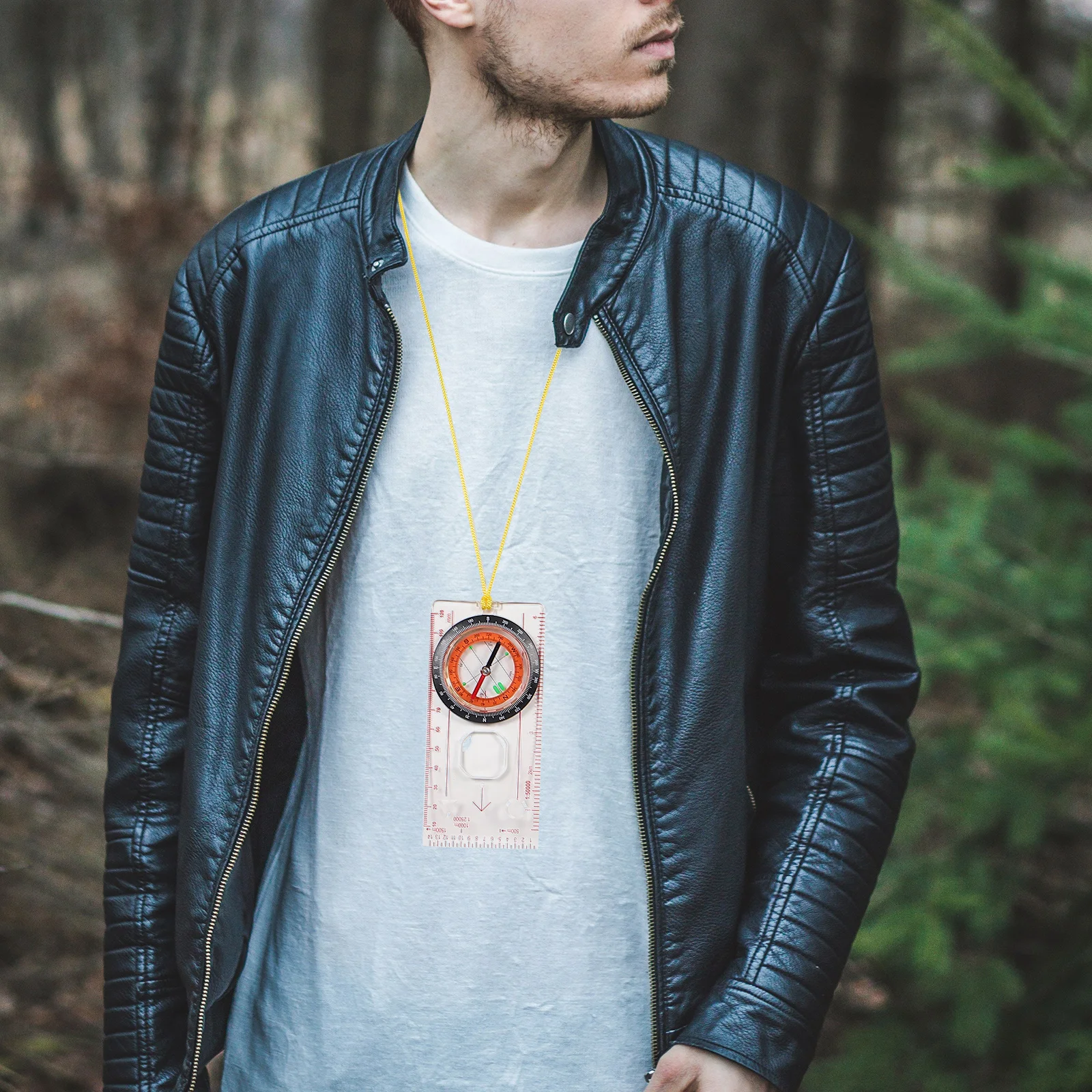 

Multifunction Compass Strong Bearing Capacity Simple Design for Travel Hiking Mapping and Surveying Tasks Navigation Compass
######
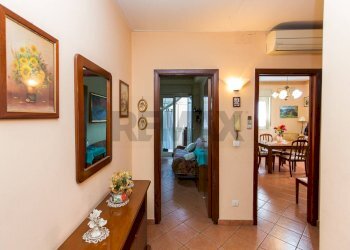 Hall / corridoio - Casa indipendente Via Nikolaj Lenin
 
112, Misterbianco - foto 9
######
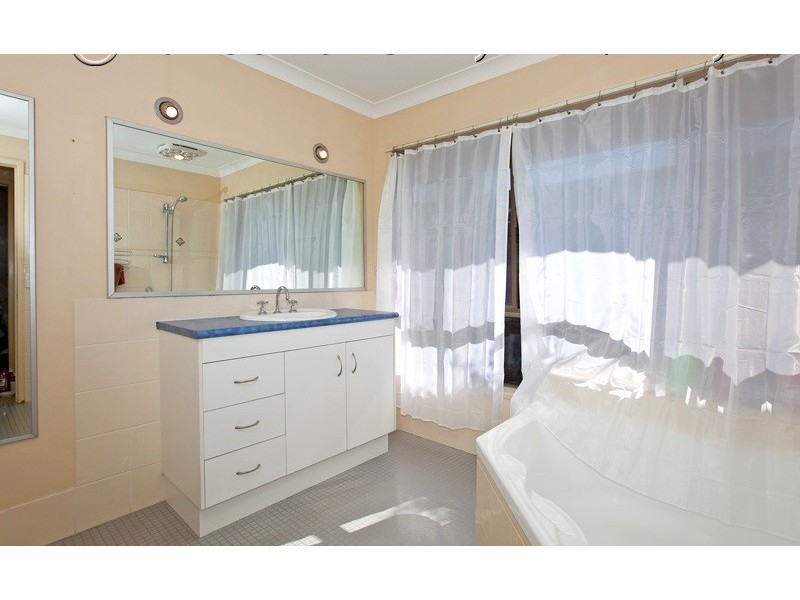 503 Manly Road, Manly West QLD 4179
######
■ **TASK STATEMENT**: What should come back is an exact copy of the lines above from the line with "Hall / corridoio" to the line with "112, Misterbianco - foto 9", both included, minus the pictures.

■ **RESPONSE BELOW**:
 Hall / corridoio - Casa indipendente Via Nikolaj Lenin
 
112, Misterbianco - foto 9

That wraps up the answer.